A number of rigorous reviews have found that, in developed countries, adherence among patients suffering chronic diseases averages only 50% (1, 2). The magnitude and impact of poor adherence in developing countries is assumed to be even higher given the paucity of health resources and inequities in access to health care.
For example, in China, the Gambia and the Seychelles, only 43%, 27% and 26%, respectively, of patients with hypertension adhere to their antihypertensive medication regimen (3 - 6). In developed countries, such as the United States, only 51% of the patients treated for hypertension adhere to the prescribed treatment (7). Data on patients with depression reveal that between 40% and 70% adhere to antidepressant therapies (8). In Australia, only 43% of the patients with asthma take their medication as prescribed all the time and only 28% use prescribed preventive medication (9).
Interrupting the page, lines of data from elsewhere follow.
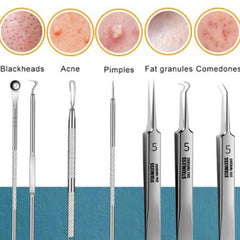 8pcs Ultra-fine Beauty Salon Acne Needle Tool Set My Store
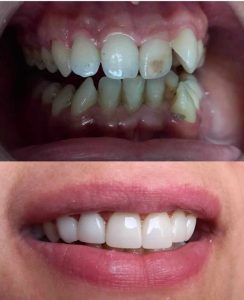 soins dentaires chez dentiste Hammam Sousse Dr Nada Manaa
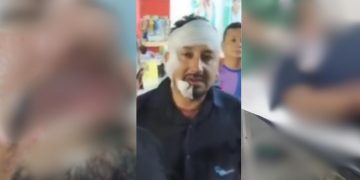 VÍDEO: Motorista esfaqueado três vezes no rosto mostra as feridas após sair da UPA em Manaus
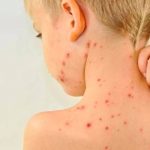 Se reportan casi 230 casos de sarampión este 2019 en EEUU america del norte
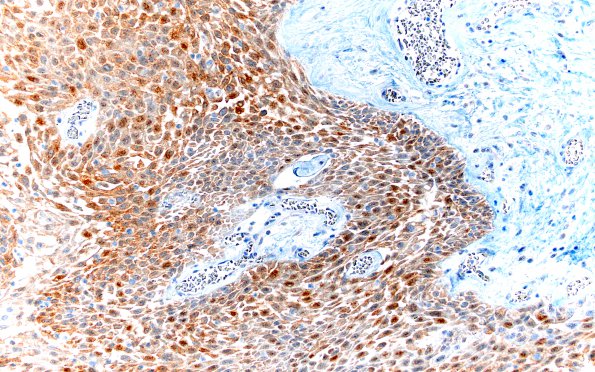 2D3 Craniopharyngioma, Papillary (Case 2) BRAF 20X 1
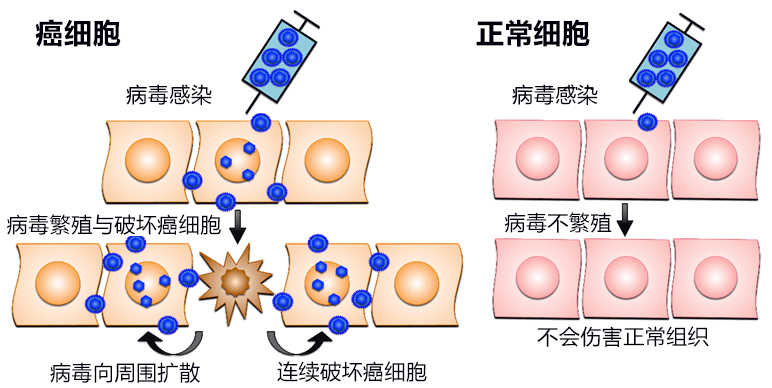 以毒攻毒，東京大學成功使用疱疹病毒冶癒腦腫瘤，一年生存率達92.3%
In the treatment of HIV and AIDS, adherence to antiretroviral agents varies between 37% and 83% depending on the drug under study (10, 11) and the demographic characteristics of patient populations (12). This represents a tremendous challenge to population health efforts where success is determined primarily by adherence to long-term therapies.
Although extremely worrying, these indicators provide an incomplete picture. To ascertain the true extent of adherence, data on developing countries and important subgroups, such as adolescents, children and marginal populations are urgently required. A full picture of the magnitude of the problem is critical to developing effective policy support for efforts aimed at improving adherence.
In developed countries, adherence to long-term therapies in the general population is around 50% and is much lower in developing countries.